Bernard Lamirand, Comité d’honneur national Ambroise Croizat, Silomag, n° 6, mars 2018.
Bernard Lamirand revient sur l’ordonnance du 4 octobre 1945 créant la Sécurité sociale et sur son histoire. Cette réforme de grande ampleur avait pour but d’assurer des moyens d’existence et de soins à tous les citoyens. Le Conseil National de la Résistance, le Parti communiste et la CGT en sont à l’origine, ce qui est, pour certains, un argument de plus pour défaire ce système de sécurité sociale.
Le 4 octobre 1945, l’ordonnance créant la Sécurité sociale était promulguée par le gouvernement provisoire dirigé par le Général de Gaulle.
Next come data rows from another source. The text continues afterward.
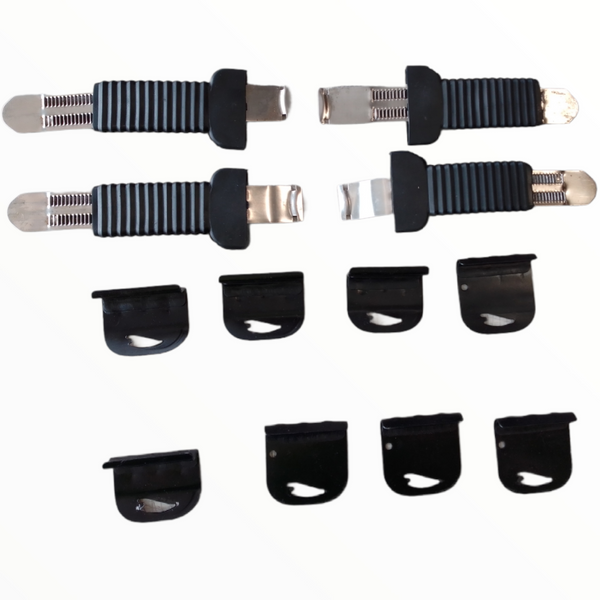 Barras Porta equipaje aluminio con llaves 75 kgs sport rack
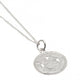 Celtic FC Sterling Silver Pendant & Chain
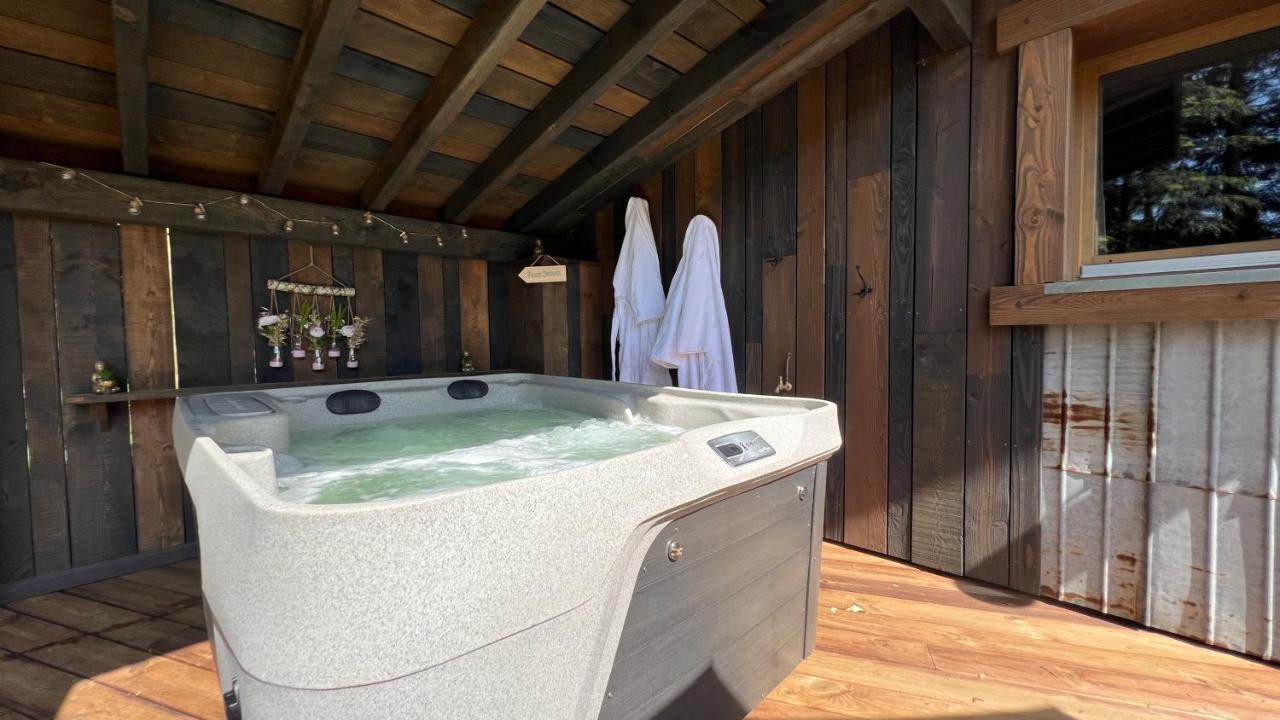 Domaine Du Chant De La Planche - Spa - Hautes Vosges Saulxures-sur-Moselotte ห้อง รูปภาพ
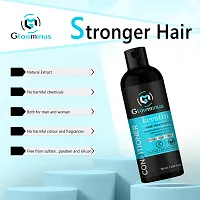 Glowminus Keratin And Argan Oil Smooth Therapy Conditioner, 100Ml - Intensive Conditioning For Dry, Damaged And Color Treated Hair, No Parabens Or Sls/Sles (100 Ml) Pack Of 02-thumb3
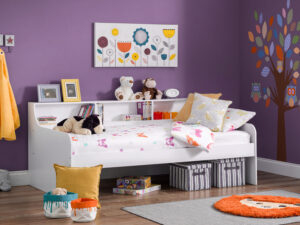 Julian Bowen Grace Pure White Daybed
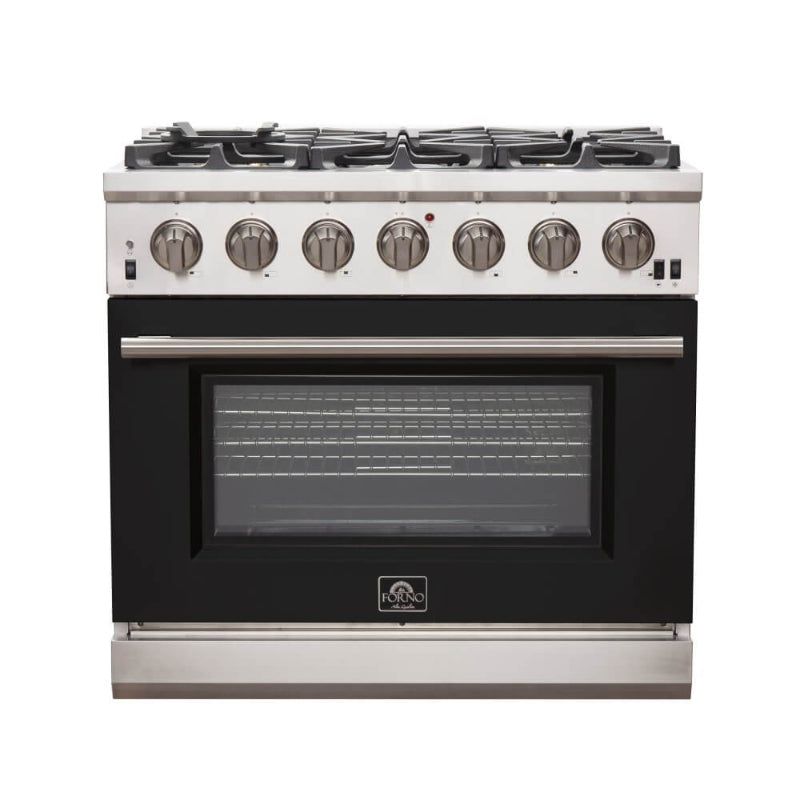 FORNO Capriasca 36" Freestanding Gas Range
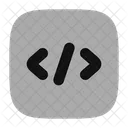 Quellcode Quadrat Symbol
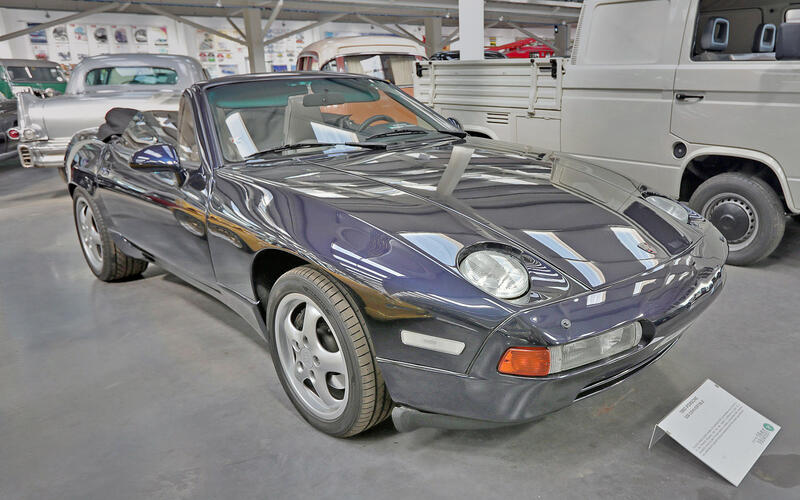 At the top of the Isle of Man in Jurby, is a cache of magnificent automotive treasures, the like of which you'll not have seen before. 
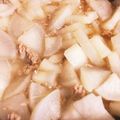 かまきりこ's cooksnap of when they made 簡単！美味っ！な大根とひき肉のあんかけ☆.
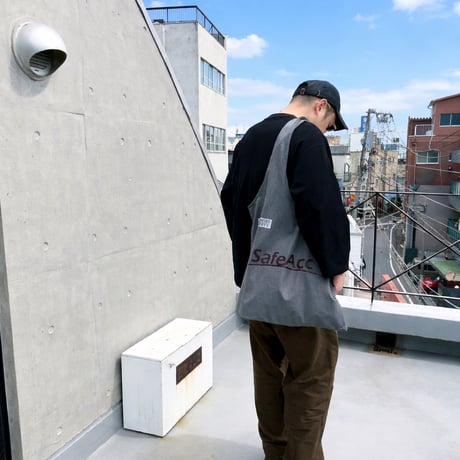 【HIDAKA】"SafeAcc Bib Tote”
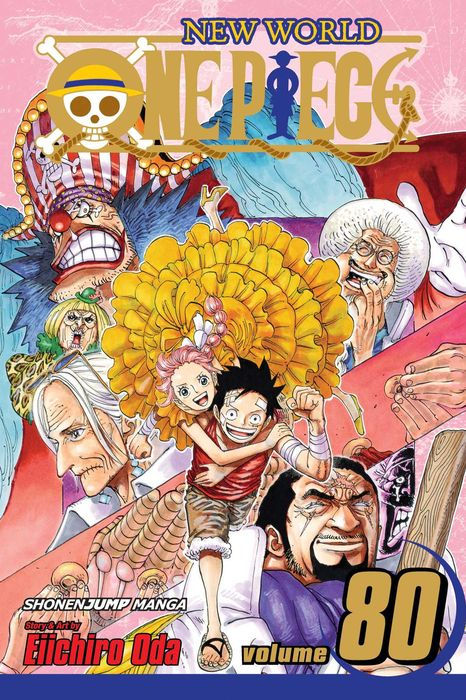 One Piece Vol. 80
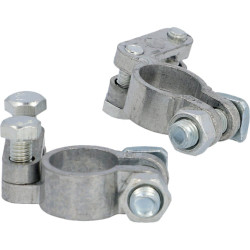 Borne baterie auto, universale, Unitec 77920, set 2 bucati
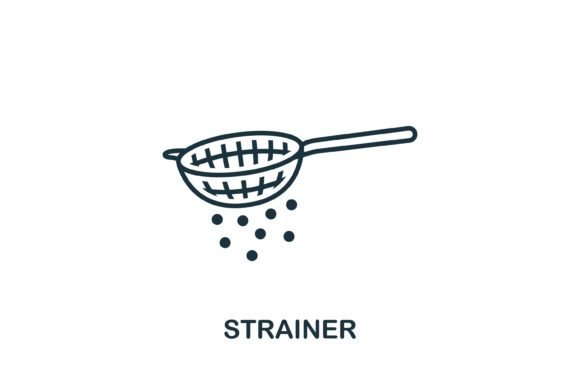 Strainer Icon Review: A Versatile Graphics Choice for Icons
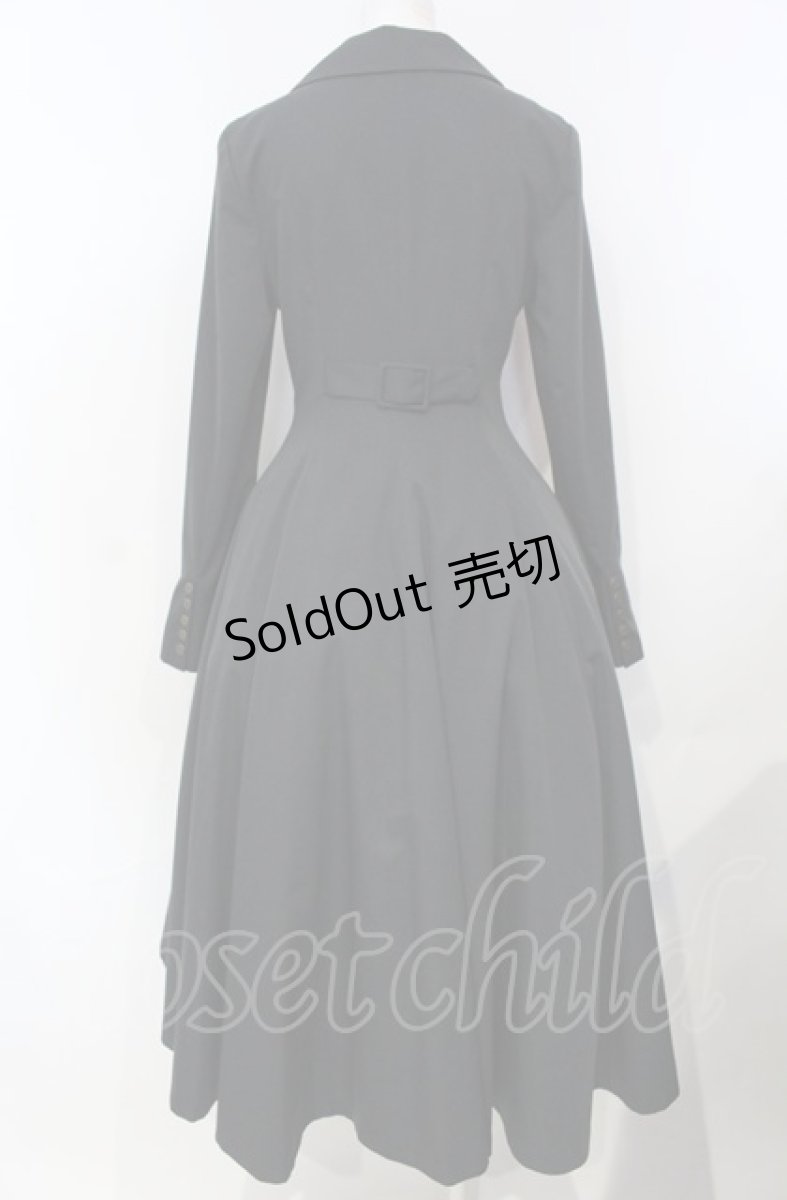 画像4: ATELIER BOZ / ロングローランドジャケット  ブラック O-25-07-26-003-EL-CO-IG-OS (4)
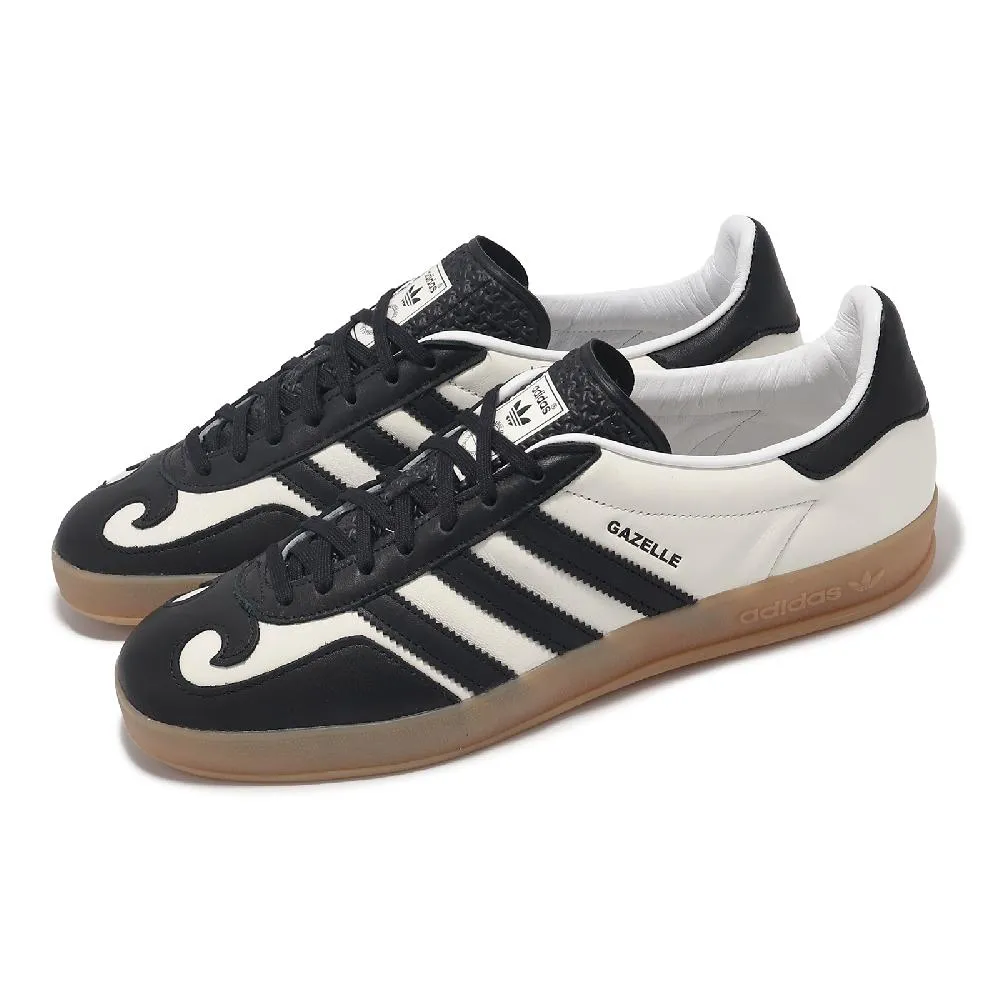 adidas 愛迪達 休閒鞋 Gazelle Indoor 黑 鵝黃 男鞋 復古 膠底 麂皮 IG4999 歷史價格詳細信息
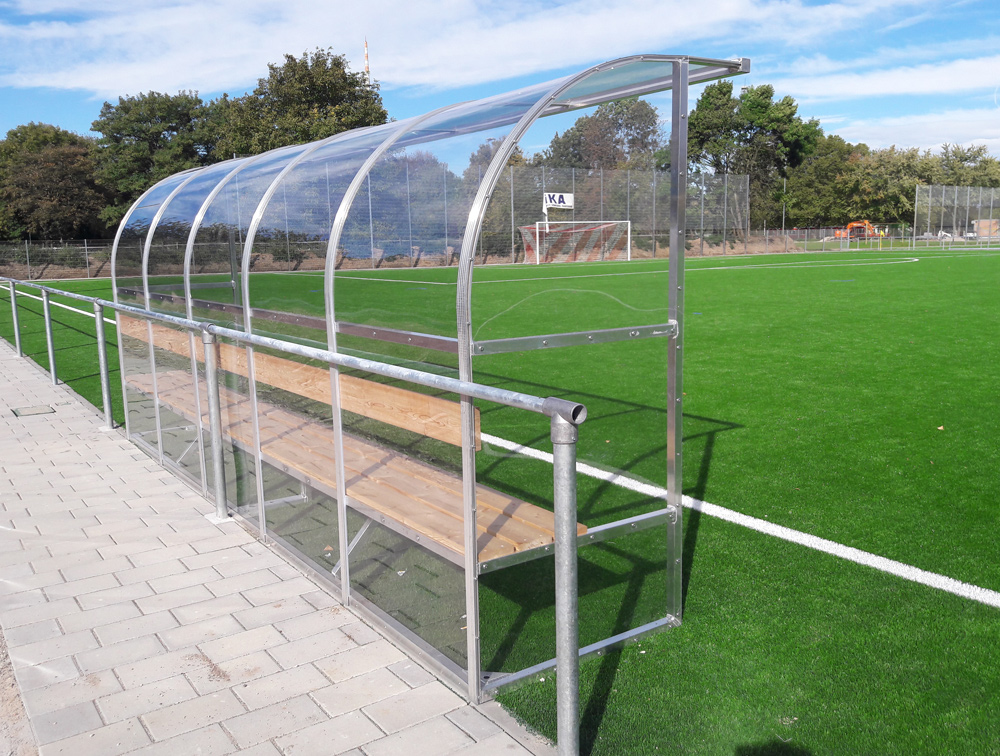 Spielerkabine Basic Â» Vindico Sport GmbH Deutscher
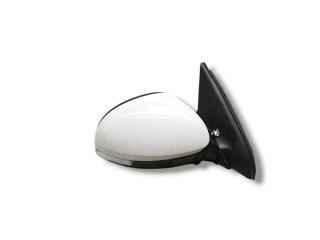 зеркало наружное правое Volkswagen Tiguan 1 поколение 2010, 2.0 л., TDi, CBAB, дизель, 6МКПП, candyweiss / lb9a, внедорожник 5 дв., полный привод, правый руль, 5N2857502L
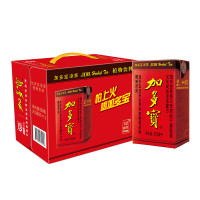 有券的上、会员专享：JDB 加多宝 凉茶植物饮料盒装 250ml*12盒 整箱装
Ambroise Croizat relata ce moment : « l’ordonnance du 4 octobre 1945, à laquelle est à juste titre, attaché le nom d’un ami qui nous est commun à tous, M. Alexandre Parodi, a été le produit d’une année de travail, au cours de laquelle des fonctionnaires, des représentants de tous les groupements et de toutes les organisations intéressées, des membres de l’Assemblée consultative provisoire, dont certains font partie de la présente Assemblée, ont associé leurs efforts pour élaborer un texte que le gouvernement de l’époque a, en définitive, consacré conformément à l’avis exprimé par 194 voix contre 1 à l’Assemblée consultative »[1].
Cette ordonnance inscrivit les véritables objectifs de la Sécurité sociale autour d’une organisation unique, d’une cotisation unique, la solidarité et la gestion des caisses par les assurés eux-mêmes et en particulier par la démocratie et l’élection des conseils d’administration des caisses.
De Gaulle ne signa pas cette ordonnance : il était en voyage en URSS.
Croizat précisa à qui appartient cette grande conquête sociale : « le plan de Sécurité sociale est une réforme d’une trop grande ampleur, d’une trop grande importance pour la population de notre pays pour que quiconque puisse en réclamer la paternité exclusive… […] Cette Sécurité sociale, née de la terrible épreuve que nous venons de traverser, appartient et doit appartenir à tous les Français et à toutes les Françaises sans considération politique, philosophique ou religieuse. C’est la terrible crise que notre pays subit depuis plusieurs générations qui lui impose ce plan national et cohérent de sécurité »[2].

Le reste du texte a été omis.